In fact there was an almighty stink when the Blair government tried to pressure the BBC into outputting less negative coverage of the Iraq War argument.

Makes sense, although I think that a good pollster should be able to interpret that answer in context.

I’m watching CNN at the moment and there was evidently some cock-up with ballots in Madison, Wisconsin. I’m sorry southern neighbours, but why is this so difficult? Where else in the world did they ever worry about pregnant and hanging chads?

It’s not rocket science, and you folks are the gods of rocket science. However, best of luck and please get well soon.

Exit polls aren’t even reliable measures of just the voters on that day. They’re notoriously prone to unexpected biases. What time of day did you conduct the poll? That can have a big impact.

In all my years of voting I have never been polled or ever seen anyone polled when they voted. Just where are they doing this polling?

Quite bluntly your psephological processes have been dysfunctional for decades.
And the greater populace blithely accepts that so why would any political party burn it’s electoral capital to change

  • Byzantinely gerrymandered districts.
  • Unconscionable suppression of voting rights.
  • Culpable negligence in providing the basic infrastructure of voting
  • Deplorably cack-handed, inconsistent and opaque means of counting the votes
  • et al

And whilst fixing all the above would be rather good, it doesn’t necessarily matter that much because the aim is good governance.

It doesn’t need to be inclusive,
It doesn’t need to be unbiased,
It doesn’t need to be about money rather than policy,
… provided the process delivers a choice between capable people with a touch of statesmanship who in turn appoint the capable people needed to run the show.

But you don’t … so it’s garbage in, garbage out.

Why would they?
Do you think our stuff needs to be hidden and “the media” is in Cahoots with politicians?

And what gives you the idea we have “government media”?

this strikes me as a remarkably ignorant and insulting post.
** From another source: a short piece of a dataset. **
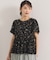 花柄シャーリングブラウス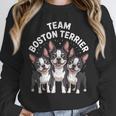 Cute Cartoon For Dog Owners Pet Team Boston Terrier Unisex Sweatshirt, novelty gifts, funny gifts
Extraordinally shallow and poorly informed…
But given the name and tenor of past posting it doesn’t surprise me

We have other media besides our “government media”, and they all cover our own politics quite thoroughly. I mostly follow US politics through US and British media anyway.

Your presumption that “governments media” = “propaganda office” doesn’t hold water.
In Aust the relationship between the centre-right federal government and the centre-left public broadcaster they fund is not particularly cordial. In any case, the majority of Australians get their news from the commercial networks. None of the state governments have their own media outlets.

US news gets the attention because it’s the biggest reality TV show going round.